Starring James Franco. Rated 14A
As with Ed Wood, its nearest cinematic neighbour, you don’t need to have seen its subject’s work to get the surprisingly sweet-toned humour that comes mostly at a pseudo-auteur’s expense.
Unlike Wood, who fancied himself a cinephile with an actual career (who can forget the Dadaistic demo derby called Plan 9 From Outer Space?), Tommy Wiseau has only made one movie: The Room. It’s not the dark sociological study that launched little Jacob Tremblay’s career but an extreme-vanity project for the mysteriously wealthy Wiseau (director James Franco here), who financed the 2003 debacle himself.
The lank-haired oddball peopled his incomprehensible story with low-grade beginners, led by his new best friend, Greg Sestero, played by Dave Franco with just the right amount of reverent awe. (The Franco brothers are only three years apart in age, but appear to be almost two decades.) Greg’s a good-looking suburbanite too shy to really make the leap into acting. So he’s knocked out by Tommy’s fearless take on A Streetcar Named Desire, which has him literally climbing the scenery in a class led by Melanie Griffith (who has somehow morphed into Ivana Trump).
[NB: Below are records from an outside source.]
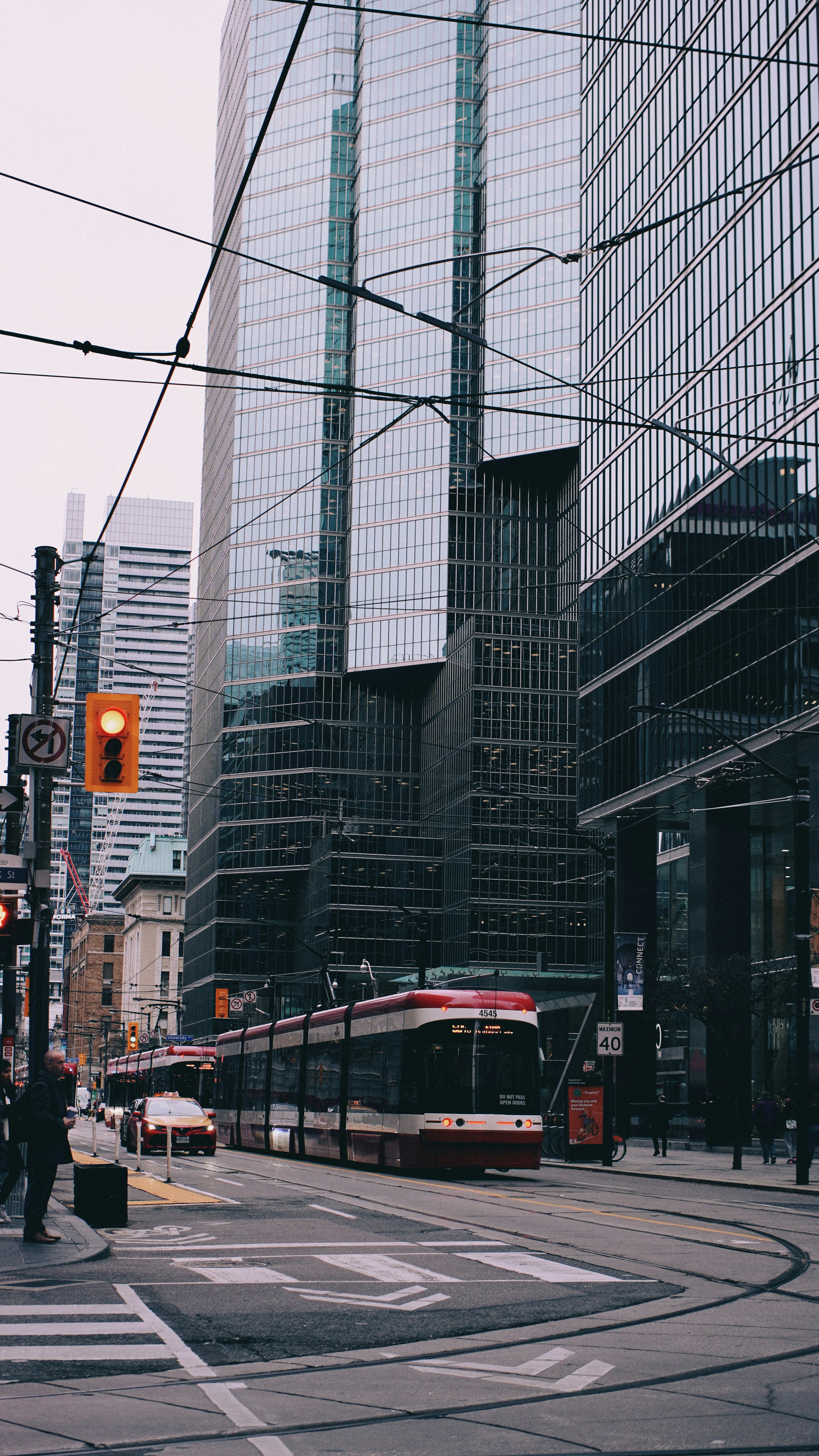 A city street filled with traffic next to tall buildings photo – Free ...
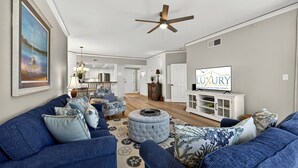 A spacious living room with blue sofas, a round ottoman, and a television displaying 'LUXURY RENTALS OF HILTON HEAD'.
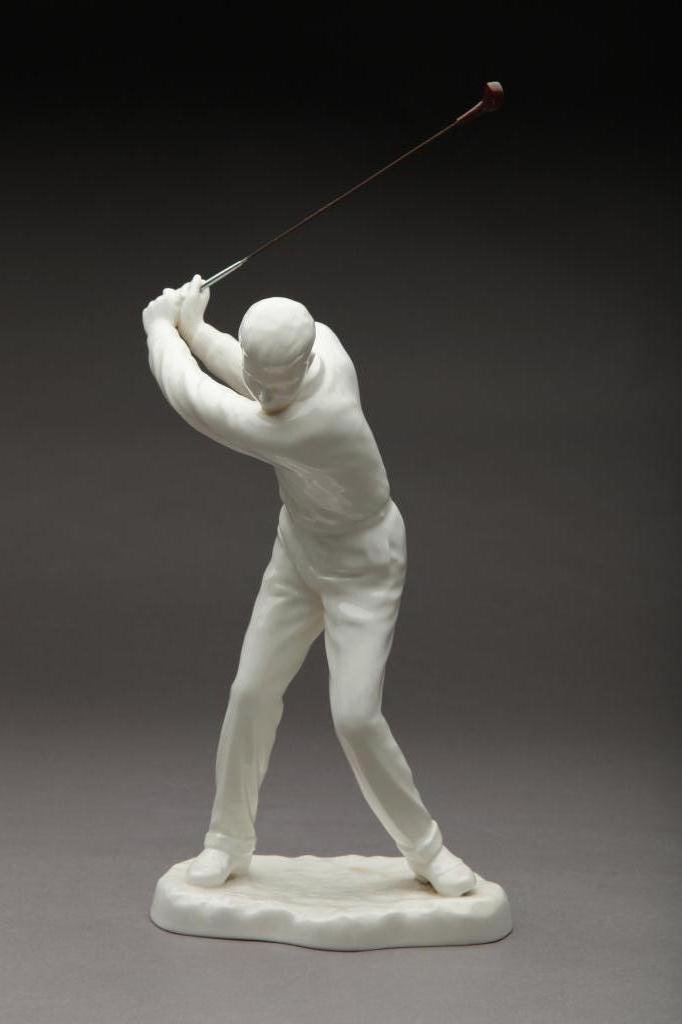 NORITAKE BLANC-DE-CHINE FIGURE OF A GOLFER: In mid swing with a metal club. H 30.5 cm (12in)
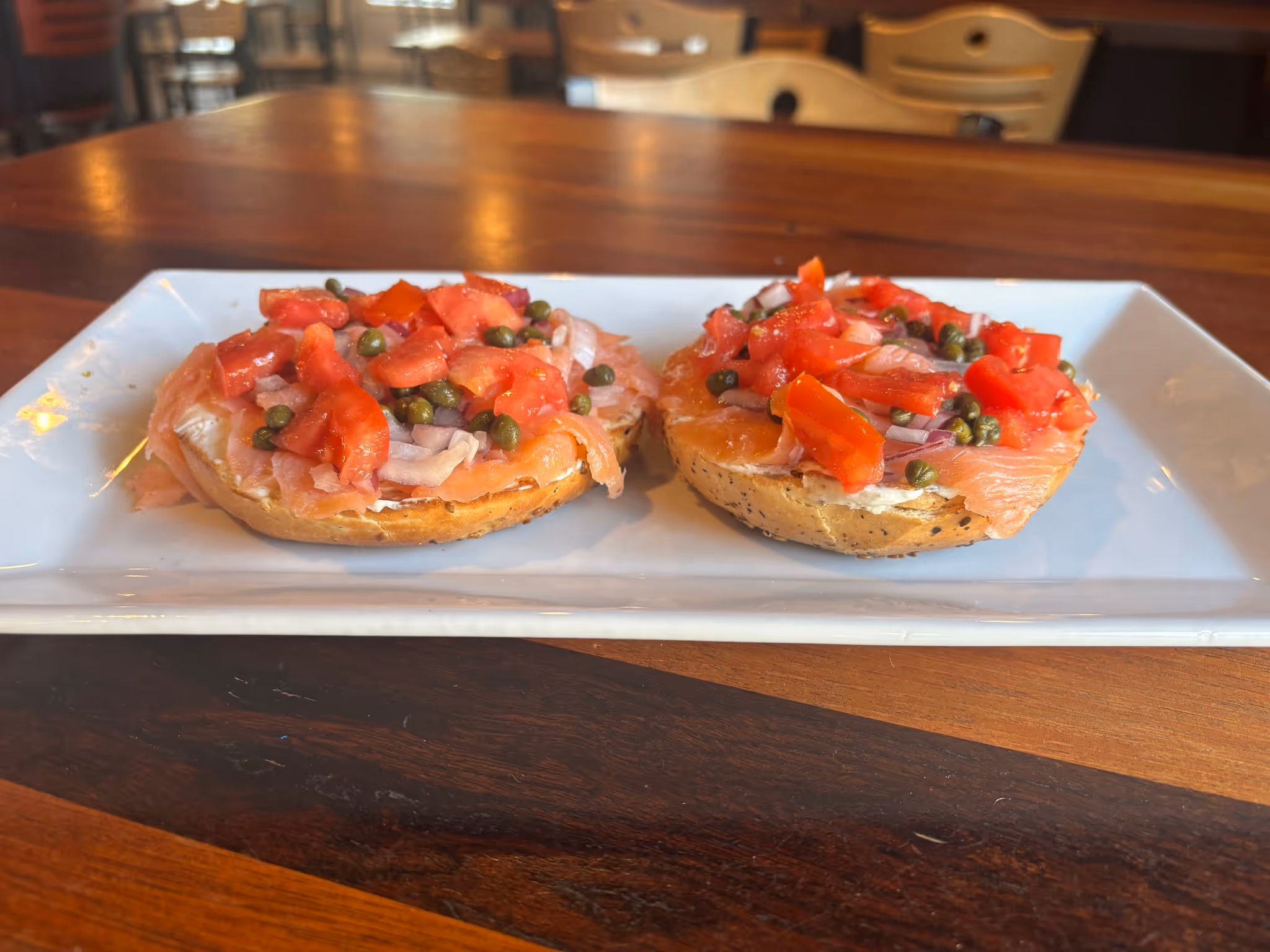 Two open faced sandwiches with tomatoes and peppers on a white plate.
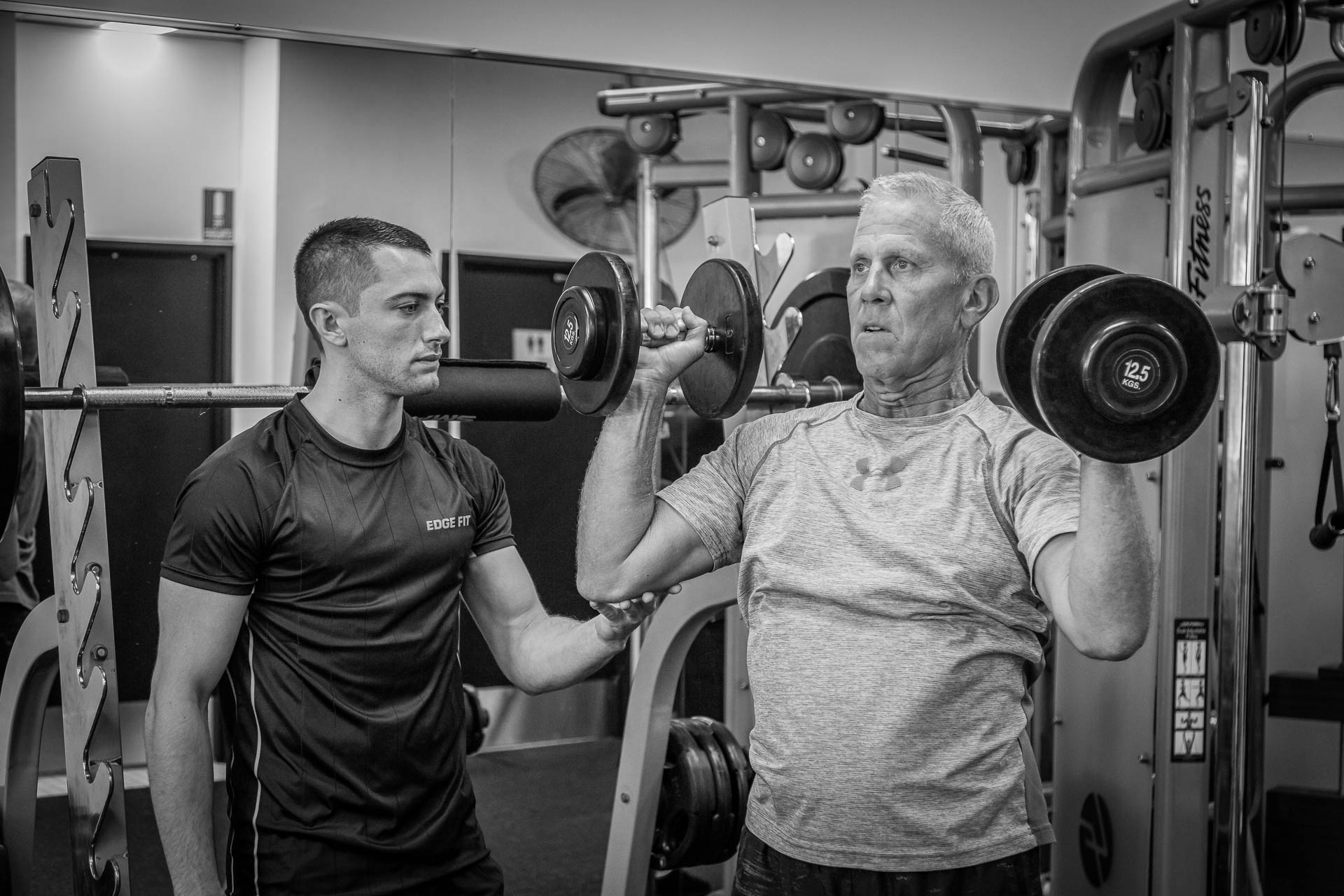 Personal Trainer Helping Client Weight Lift - Edge Fit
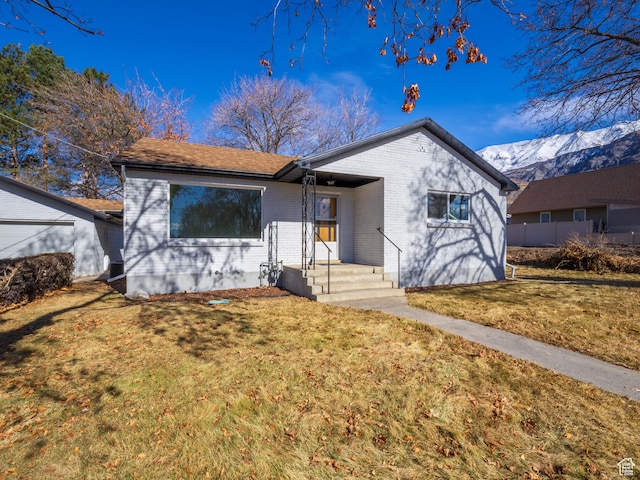 575 E 500 N, Pleasant Grove, UT 84062 - view of front of house featuring brick siding, a front lawn, and a mountain view
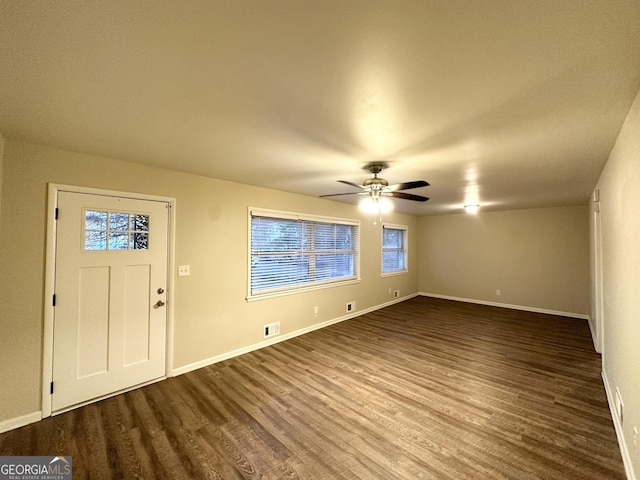 entryway featuring ceiling fan and dark hardwood / wood-style floors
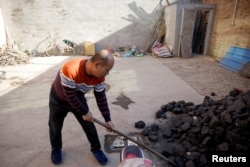 A man shovels coal he uses to heat his home in his courtyard in the village of Heqiaoxiang outside of Baoding, Hebei province, China, Dec. 5, 2017.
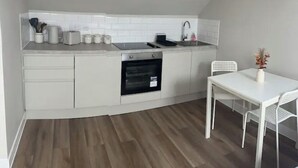 Une cuisine compacte avec des meubles blancs, un four encastré et une table à manger blanche avec des chaises.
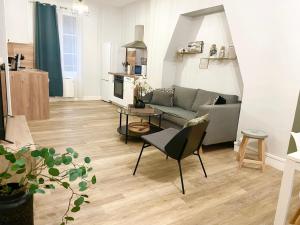 a living room with a couch and a table at Arina & Julien Dieppe in Dieppe
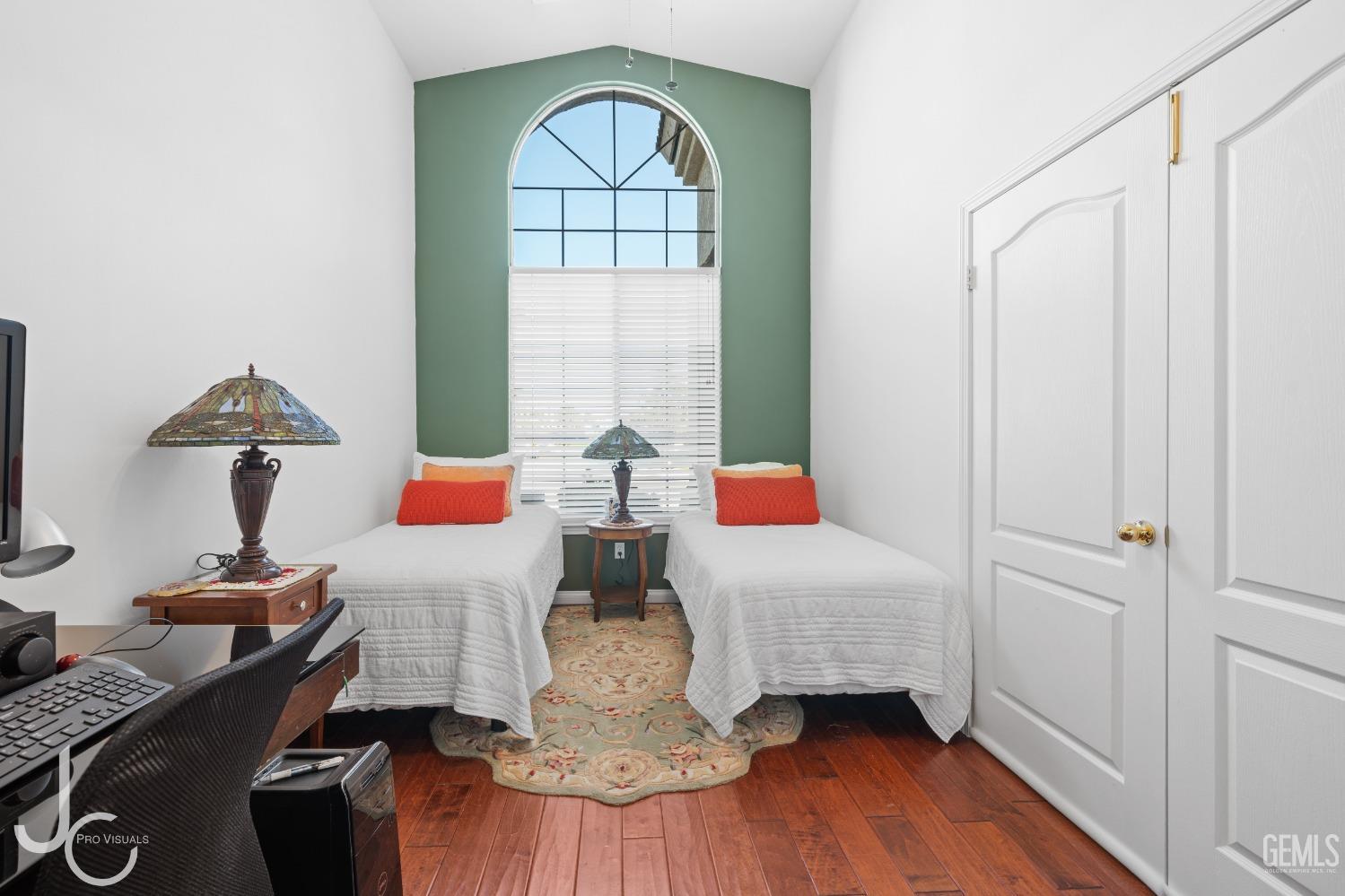 Undisclosed Address Bakersfield, CA 93312 - Photo 7 of 46 a bedroom with furniture and a wooden floor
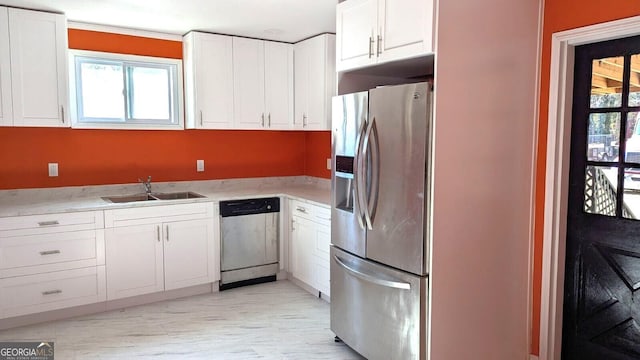 kitchen with stainless steel appliances, white cabinetry, and sink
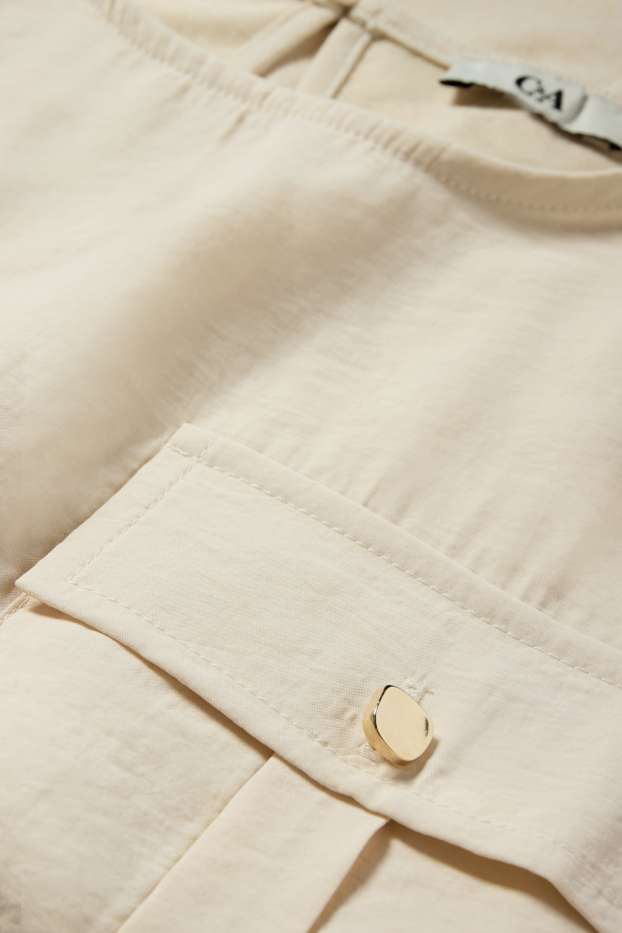 Donna - Blusa smanicata - beige chiaro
Turns out fearlessness is the older guy’s only true talent. Saddled with a weird, vampirical visage and a heavy eastern European accent he refuses to acknowledge, Tommy pretends to know a little bit about everything, with no depth suggested. Still, he somehow has an extra apartment in L.A., and can let Greg stay there for free.
What follows their move is an exceptionally amusing montage of show-biz fits and starts, with Judd Apatow, playing an unnamed big-shot producer, delivering the coup de grâce to Tommy’s dreams of being the next Brando. When Greg suggests that they simply make their own movie, Tommy actually makes it happen—proving, in the end, that talent and hard work don’t necessarily have that much to do with each other. (This is where Seth Rogen steps in, as an assistant director who voices the WTF? factor on behalf of the crew, and the audience.)
The Disaster Artist’s emotional core comes from the codependent relationship between the two leads, and its humour, although self-evident, is underlined through side-by-side shots under the credits. The lasting message is really about living your chutzpah to the fullest. “After today,” says the fictional Tommy during a re-creation of the real movie’s first day of shooting, “none of ourselves will be same!” Not beautifully said. But close enough!